Governments Opening Doors To The World: How open is “Open Government Partnership”


The latest buzzword in town for some Governments begins with the word “Open”, such as Open Government, Open Data, Open Knowledge, Open Communications, Open Solutions and what have you! As a matter of fact, the World Bank website has started a new blog category called “Open Development” which serves as the Bank's monitor in the pursuit of openness and transparency on its various initiatives. Google's office in NY likewise also participated in this endeavor, hailing the “Power of Open” throughout the globe. However, we raise these questions: What is it to Open? With Whom? How Open Is It? How Open (willingness) Are They To Open Their Information?
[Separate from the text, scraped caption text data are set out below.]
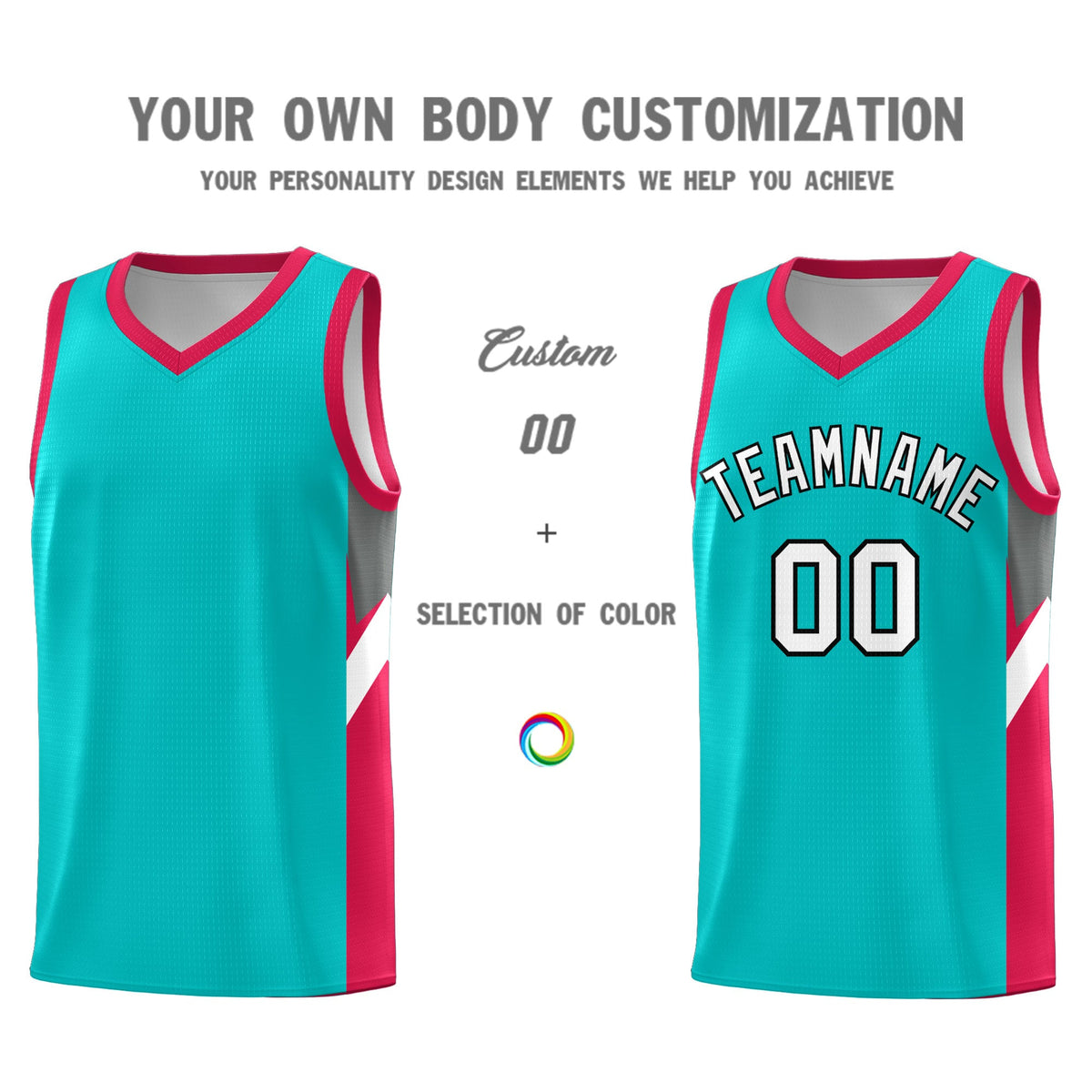 Custom Aqua Red Side Design Sets Sports Uniform Basketball Jersey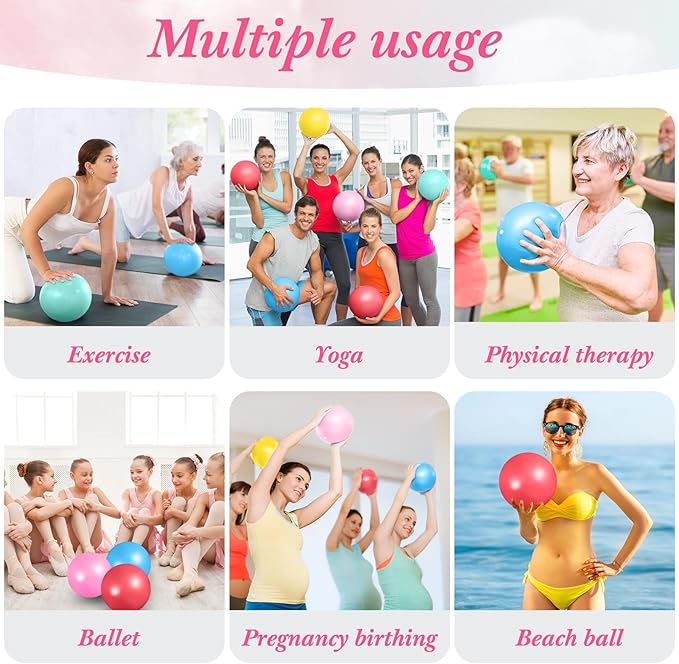 Aoriher 10 Pieces 9 Inch Exercise Pilates Ball Yoga Therapy Core Ball for Yoga Stability Barre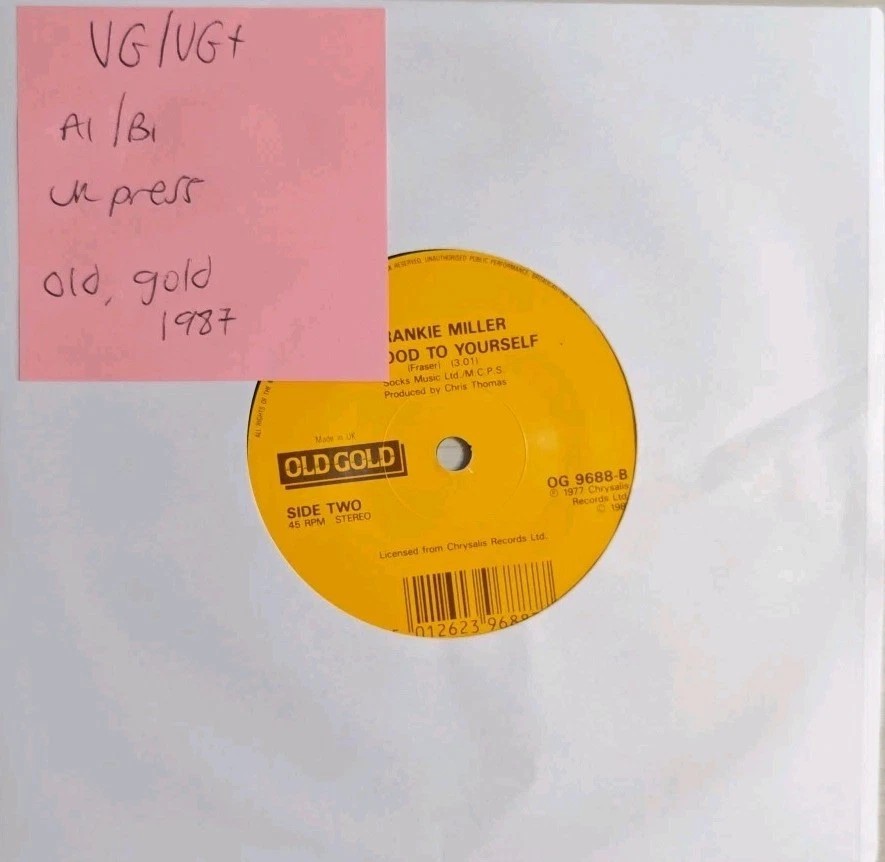 Frankie Miller Darlin' / Be Good To Yourself Vinyl Record 7" VG/VG+ OG9688 1987 sleeve Frankie Miller Darlin' / Be Good To Yourself Vinyl Record 7" VG/VG+ OG9688 1987 sleeve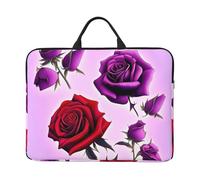 RLDOBOFE 360° Protective Laptop Sleeve 14 Inch Red and Purple Roses Laptop Case with Handle Shockproof Computer Bag Waterproof Briefcase Handbags Portable Laptop Bag Gifts for Men Women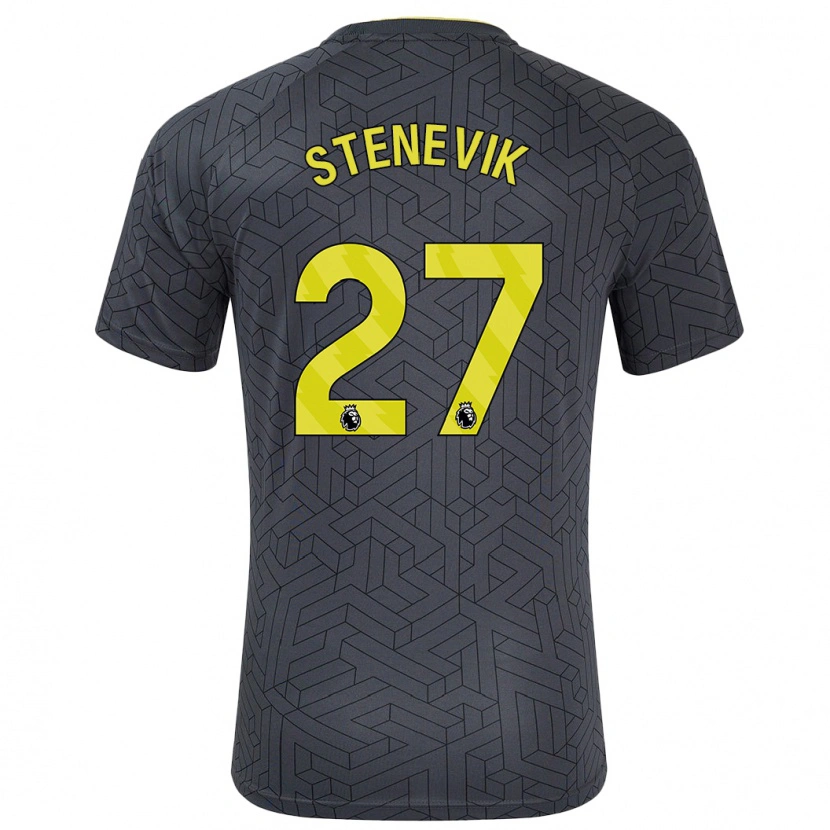 Danxen Kobiety Elise Stenevik #27 Czarny Żółty Wyjazdowa Koszulka 2024/25 Koszulki Klubowe
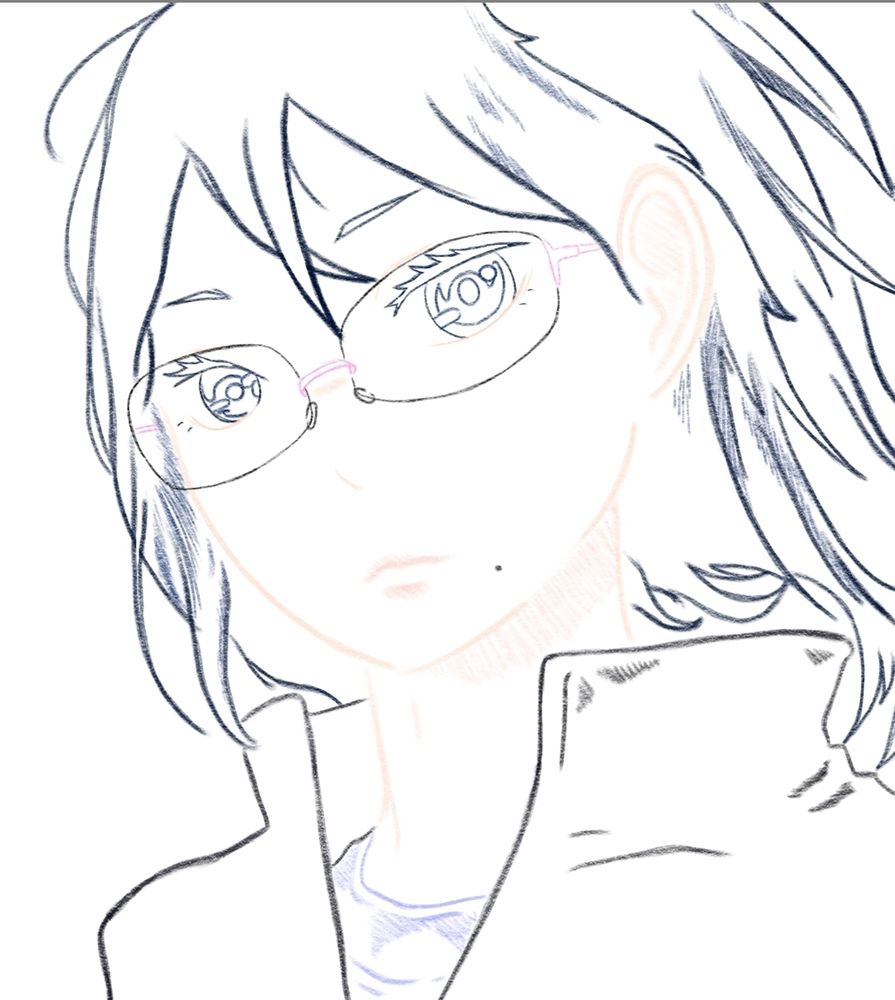 Colored line art doodle of Shimizu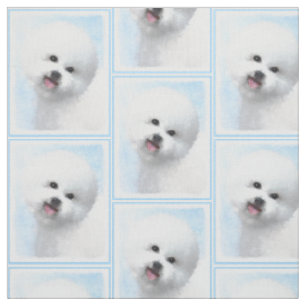 Tissu Peinture de Bichon Frise - Cute Original Dog Art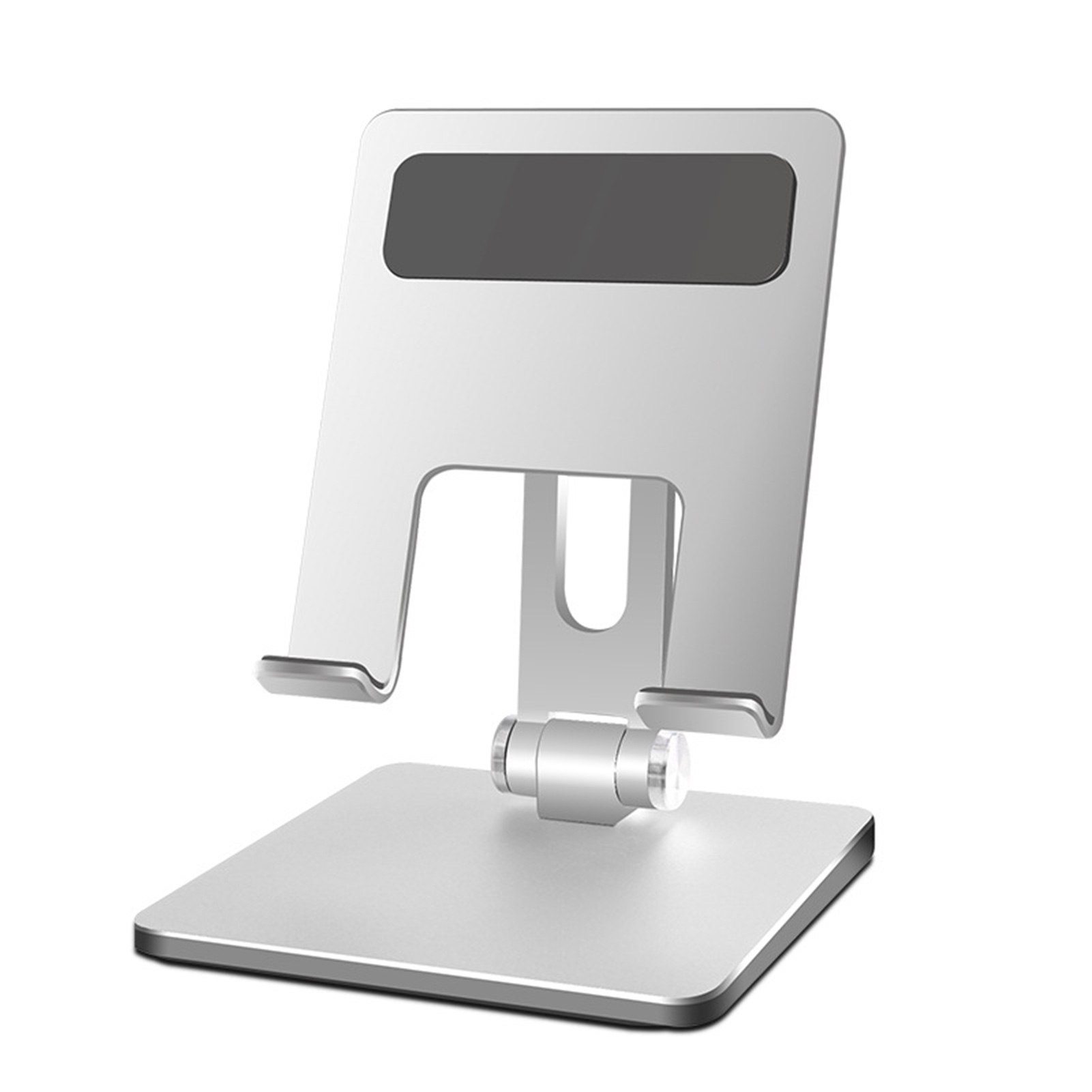 Silberner Tablet-Ständer. Er hat eine Basis, eine zentrale Stütze und einen oberen Abschnitt. Weißer Hintergrund.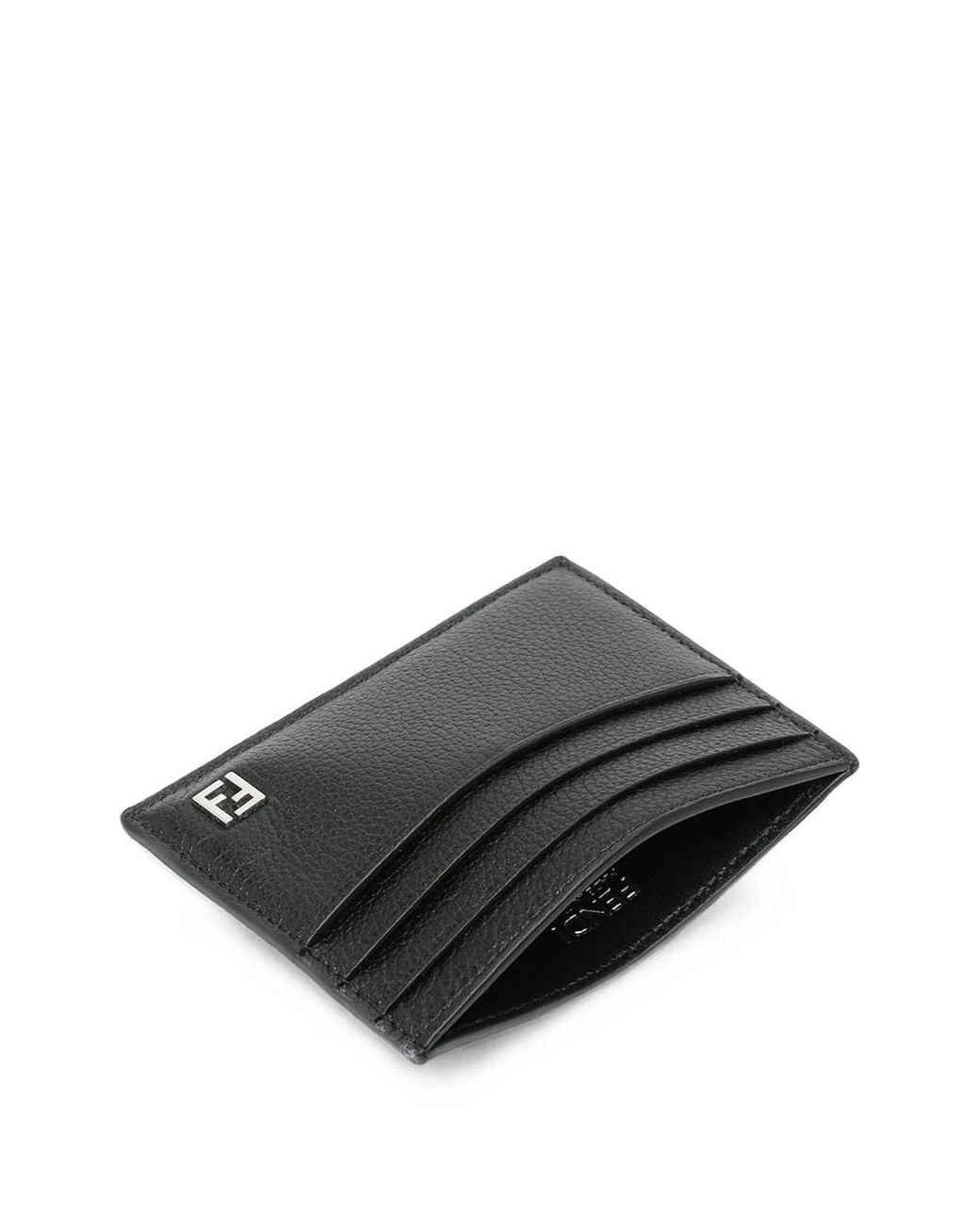 Fendi Black Ff Grain Leather Card Holder for men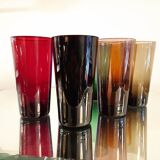 Service complet verres colorés années 60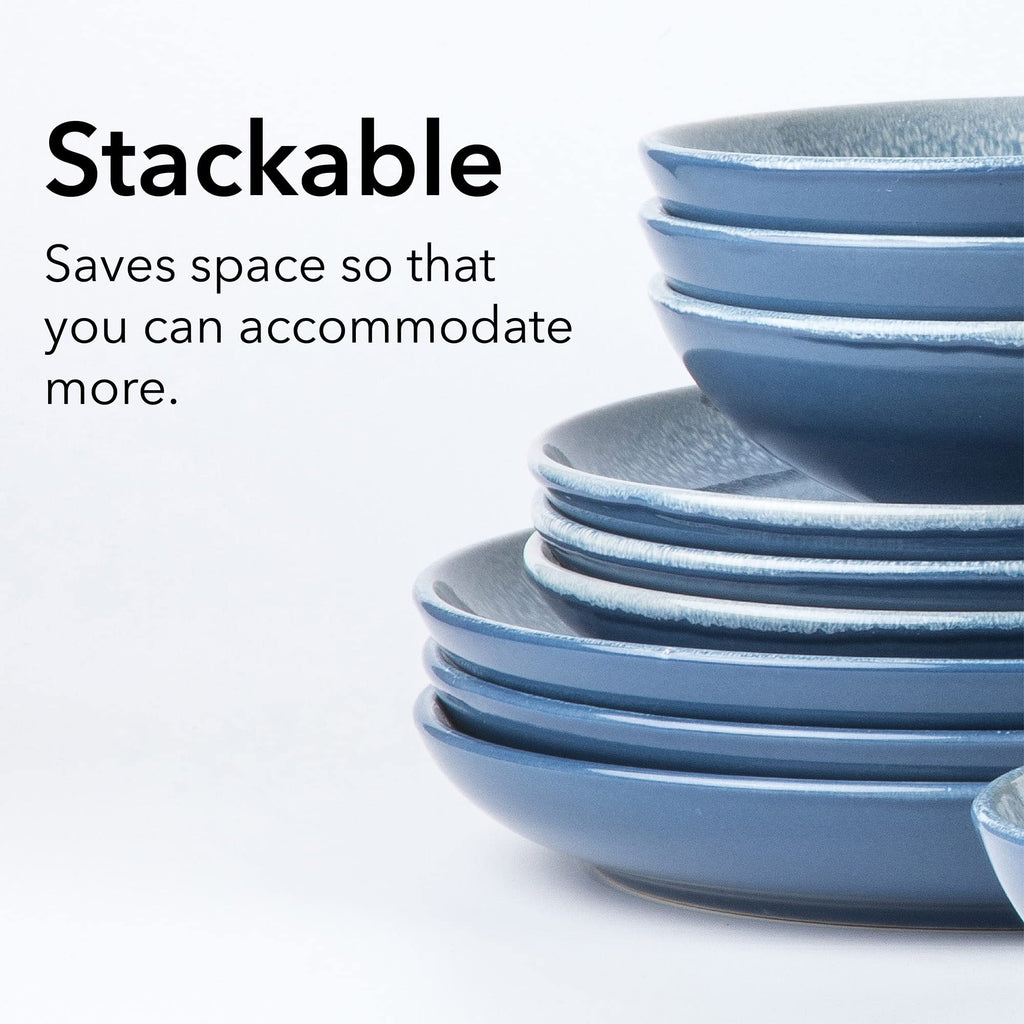 Round Stoneware 16pc Dinnerware Set for 4, Dinner Plates, Side Plates, Cereal Bowls, Mugs - Reactive Glaze Blue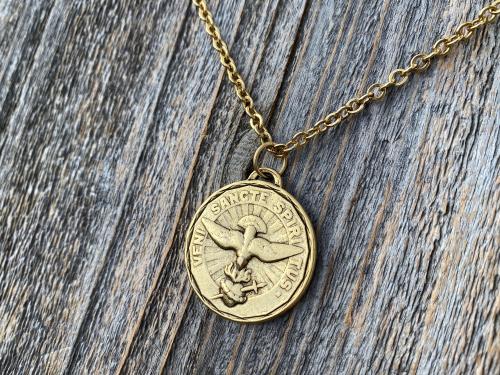 Large Antique Gold Plated Come Holy Spirit Medal Pendant Necklace, Latin Antique Replica, Veni Sancte Spiritus Medal, Sacred Heart of Jesus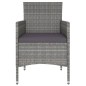 vidaXL Set comedor jardín 5 pzas ratán sintético vidrio templado gris vidaXL Set comedor jardín 5 pzas ratán sintético vidrio templado gris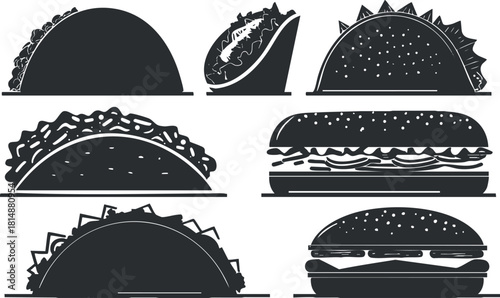 Black and white silhouettes of tacos and burgers in various styles and shapes.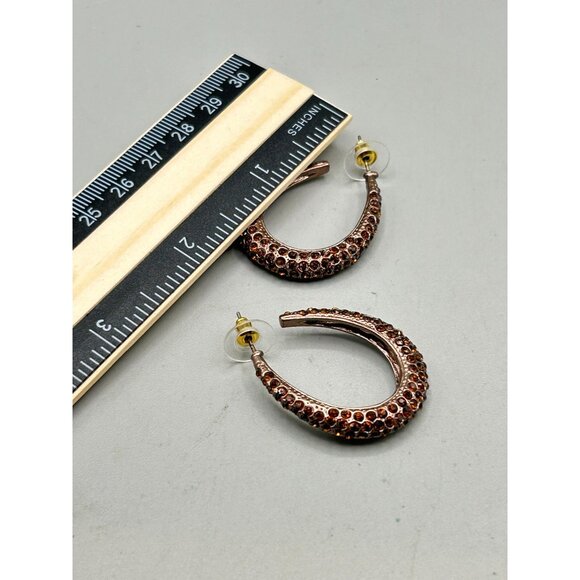 Pierced Hoops Earrings Oval Shape Dark Topaz Rhinestone Formal Jewelry - Picture 5 of 6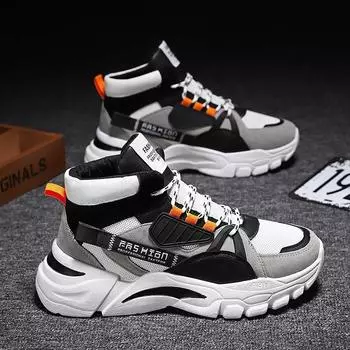 2025 spring and autumn new high-top board shoes men s Korean version trend casual sports shoes breathable dad shoes trend versatile 39 чёрный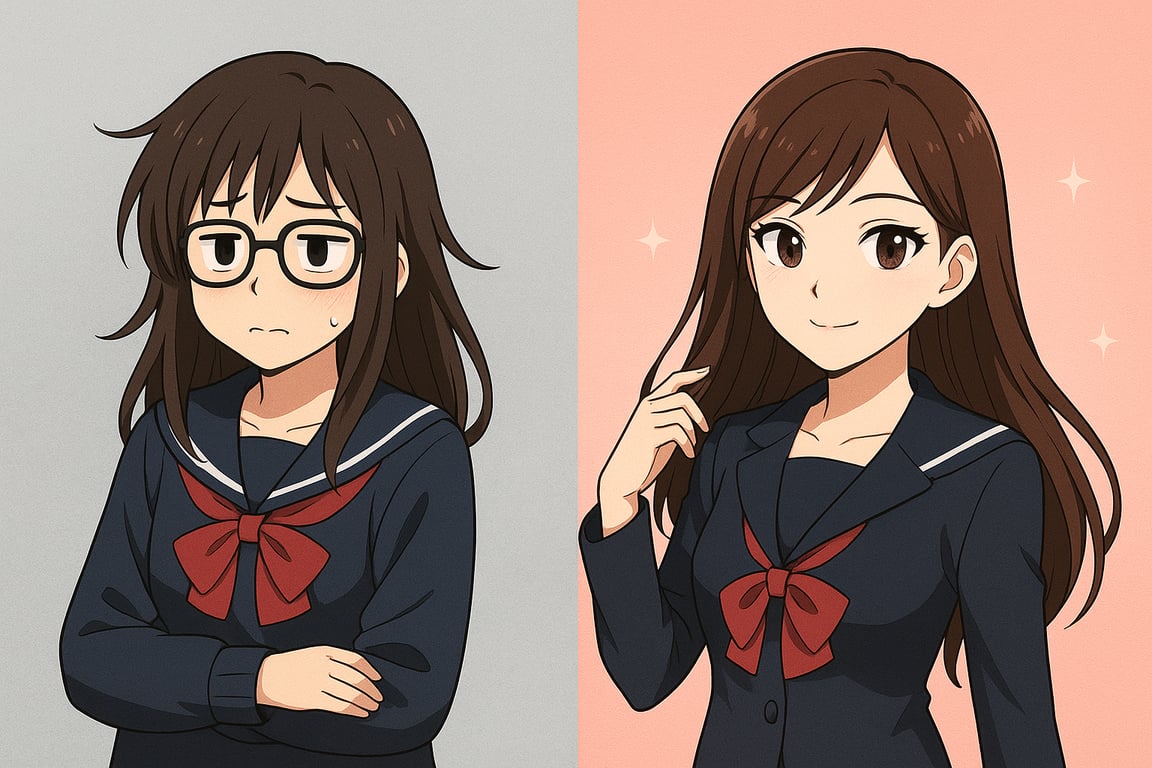 Cover art for Nerdy Girl Transformation, a school scenario on AI Dungeon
Normally, when we hear the word “open”, what comes to mind is something made public, that everyone is welcome to go inside and explore what's in there, something to see with our own naked eyes, something that is relevant and useful, and most of all, that it is open to everyone regardless of age, race, rich or poor or any status in life. Similarly, when we welcome expected or unexpected visitors in our respective homes, we widely open our doors so they can come in comfortably and experience for themselves the warmth and amazing things in there.

What will be briefly featured in this post is neither about opening doors to our visitors, nor about museums or parks being opened literally to the public but the so-called “Open Government Partnership” (OGP) which was recently launched in NYC by its 8 founding-member countries ( United States, the UK, Norway, Mexico, the Philippines, Indonesia, South Africa, and Brazil) and being spearheaded by the U.S.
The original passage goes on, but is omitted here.